For a VLA, the temporal problem is primarily policy smoothing and short-horizon action coherence:
\[a_{t:t+K} \sim p_\theta(a_{t:t+K}\mid o_{\leq t},l)\]
- where \(K\) is the action-chunk horizon. The objective is:
  \[\mathcal{L}_{\mathrm{VLA\text{-}chunk}} = \mathbb{E} \left[ -\log p_\theta(a_{t:t+K}\mid o_{\leq t},l) \right]\]
This formulation is useful because robot control is temporally correlated: a grasp, insertion, wipe, or drawer-opening motion is not a single isolated command but a locally coherent sequence. Learning Fine-Grained Bimanual Manipulation with Low-Cost Hardware by Zhao et al. (2023) introduces Action Chunking with Transformers to predict short action sequences and reduce compounding error in imitation learning, while Diffusion Policy: Visuomotor Policy Learning via Action Diffusion by Chi et al. (2023) represents visuomotor control as conditional denoising over action trajectories and uses receding-horizon execution.
For a WM, the temporal problem is forward rollout stability:

\[z_{t+k+1} \sim p_\phi(z_{t+k+1}\mid z_{t+k},a_{t+k}), \qquad k=0,\dots,H-1\]

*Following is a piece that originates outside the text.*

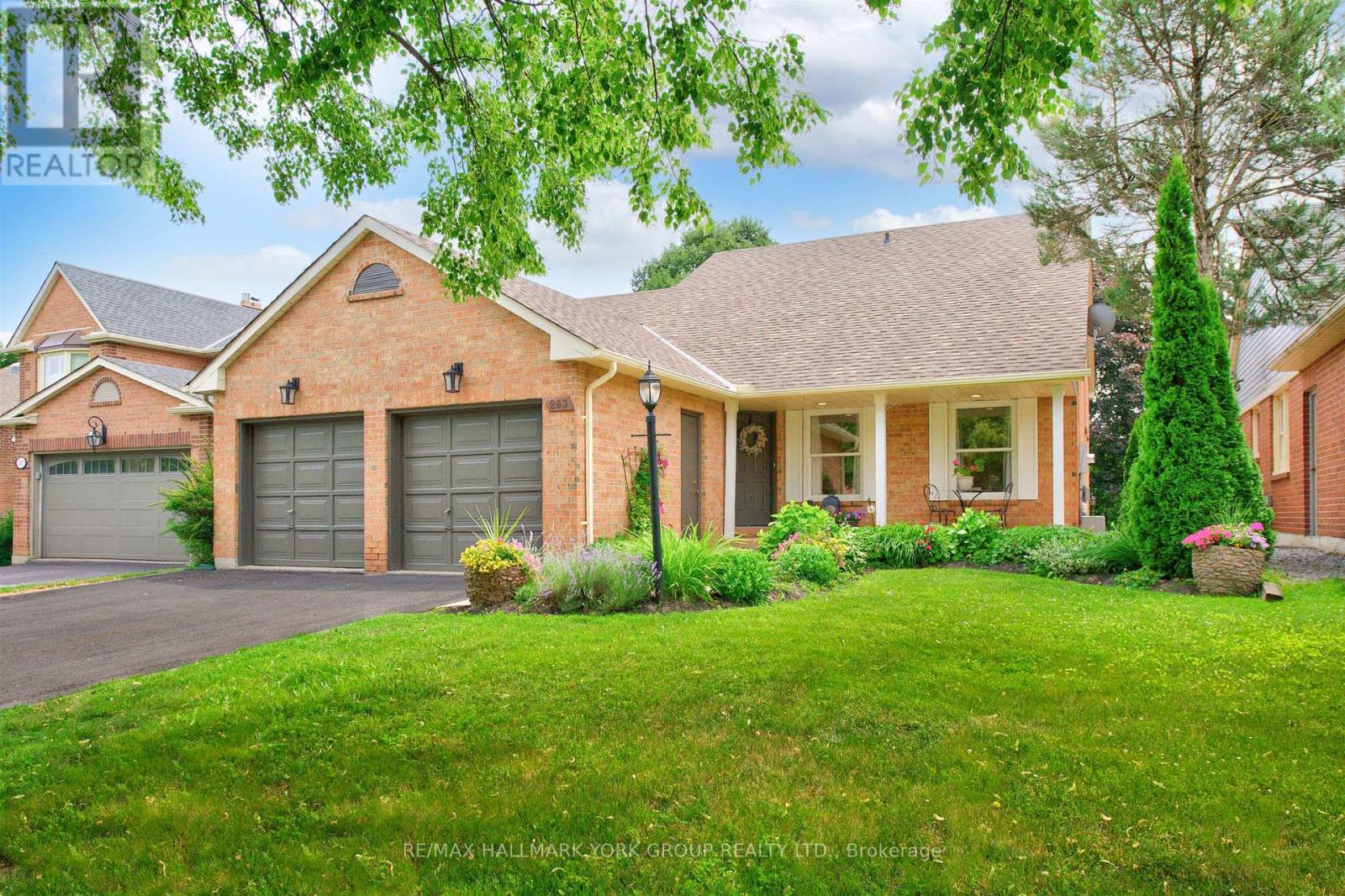 263 JOHN BOWSER CRESCENT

A multi-step latent rollout objective can be written as:

\[\mathcal{L}_{\mathrm{WM\text{-}rollout}} = \sum_{k=0}^{H-1} \mathbb{E} \left[ -\log p_\phi(z_{t+k+1}\mid z_{t+k},a_{t+k}) \right]\]

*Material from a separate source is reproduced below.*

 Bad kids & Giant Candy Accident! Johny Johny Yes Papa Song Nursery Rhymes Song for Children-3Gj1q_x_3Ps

The key challenge is compounding prediction error: even small one-step errors can accumulate over long rollouts, causing the predicted latent state to drift away from states that are physically reachable or useful for planning. Learning Latent Dynamics for Planning from Pixels by Hafner et al. (2019) uses learned latent dynamics for online planning from image observations, and Dream to Control: Learning Behaviors by Latent Imagination by Hafner et al. (2019) trains policies from imagined latent rollouts, making rollout stability central to model-based control.
For a WAM, the temporal problem is action-future alignment across two horizons:

\[(\hat{z}_{t+1:t+H},\hat{a}_{t:t+K}) \sim p_\psi(z_{t+1:t+H},a_{t:t+K}\mid z_{\leq t},l)\]

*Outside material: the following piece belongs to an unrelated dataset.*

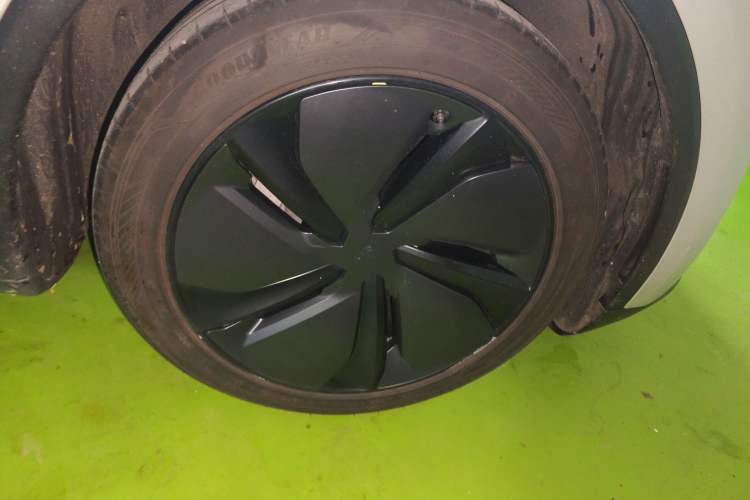 Used Tesla Model Y 2025 Rear-Wheel-Drive Version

The prediction horizon \(H\) and action horizon \(K\) need not be identical, but they must be compatible. A short action chunk may only realize the first step of a longer imagined future, while a long action chunk may require intermediate future states to remain feasible. A WAM objective can therefore include a temporal alignment loss:
\[\mathcal{L}_{\mathrm{temporal\text{-}align}} = \sum_{k=0}^{\min(H,K)-1} d\left( T(\hat{z}_{t+k},\hat{a}_{t+k}), \hat{z}_{t+k+1} \right)\]
- where \(T\) is a learned or analytic transition operator and \(d\) is a state-space distance or negative log-likelihood. This term pressures the generated action trajectory and generated future trajectory to agree at every intermediate step, not only at the final goal.
The temporal difference between the three families can be summarized as:
- VLA: the model predicts temporally coherent control, but future-state prediction is not required.
- WM: the model predicts temporally coherent state evolution, but action generation is not required.
- WAM: the model predicts temporally coherent state evolution and temporally coherent control, while enforcing agreement between the two.
This distinction matters most when long-horizon behavior requires intermediate physical foresight. In a simple reaching task, a VLA may succeed by mapping the object location directly to a motion primitive. In a long-horizon manipulation task, such as opening a drawer, retrieving an object, and placing it into a container, the agent must preserve task progress over multiple state transitions. A WM can simulate possible futures, but a WAM can bind those futures to executable action chunks, making it better suited to language-conditioned manipulation where the correct action depends on the anticipated consequence rather than the current image alone.
Autoregressive WAMs expose the temporal trade-off most clearly. If future observations and actions are serialized into one sequence, the model can factorize prediction as:

\[p_\psi(y_{1:N}\mid o_{\leq t},l) = \prod_{i=1}^{N} p_\psi(y_i\mid y_{<i},o_{\leq t},l), \qquad y_i\in\{z_i,o_i,a_i\}\]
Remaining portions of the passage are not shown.